*** Supplied records Section Begins ***
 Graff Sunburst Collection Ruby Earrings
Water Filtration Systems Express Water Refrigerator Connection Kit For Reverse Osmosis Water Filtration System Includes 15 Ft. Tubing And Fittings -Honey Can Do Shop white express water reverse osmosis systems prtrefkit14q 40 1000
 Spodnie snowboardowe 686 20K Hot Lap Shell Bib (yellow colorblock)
*** Supplied records Section Ends ***
*** Supplied records Section Begins ***
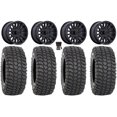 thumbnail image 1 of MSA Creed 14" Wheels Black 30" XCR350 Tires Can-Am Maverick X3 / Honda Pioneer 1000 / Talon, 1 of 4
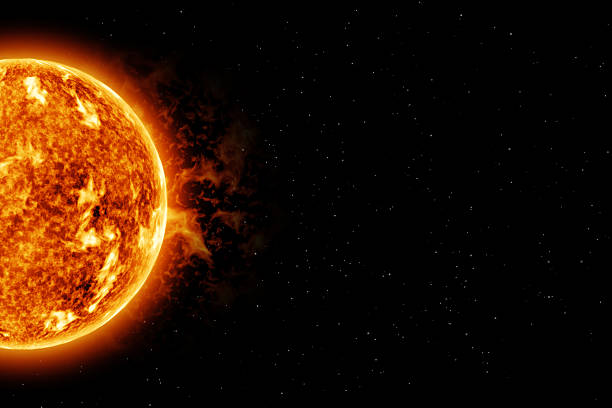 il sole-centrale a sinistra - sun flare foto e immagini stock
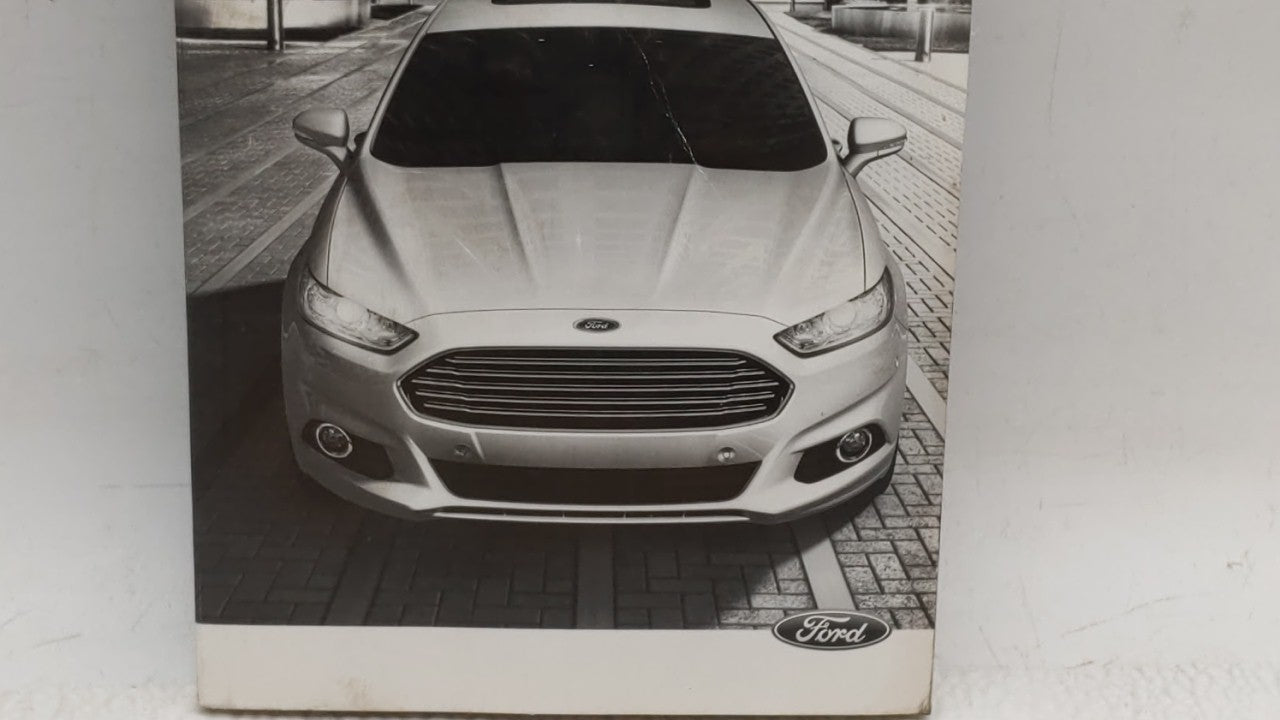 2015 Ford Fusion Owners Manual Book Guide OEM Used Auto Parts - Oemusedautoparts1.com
*** Supplied records Section Ends ***
== Task to carry out ==
Referring to the material above, set down exactly the lines between the line with "Graff Sunburst Collection Ruby Earrings" and the line with "Spodnie snowboardowe 686", inclusive, and no other lines.

== Response box ==
 Graff Sunburst Collection Ruby Earrings
Water Filtration Systems Express Water Refrigerator Connection Kit For Reverse Osmosis Water Filtration System Includes 15 Ft. Tubing And Fittings -Honey Can Do Shop white express water reverse osmosis systems prtrefkit14q 40 1000
 Spodnie snowboardowe 686 20K Hot Lap Shell Bib (yellow colorblock)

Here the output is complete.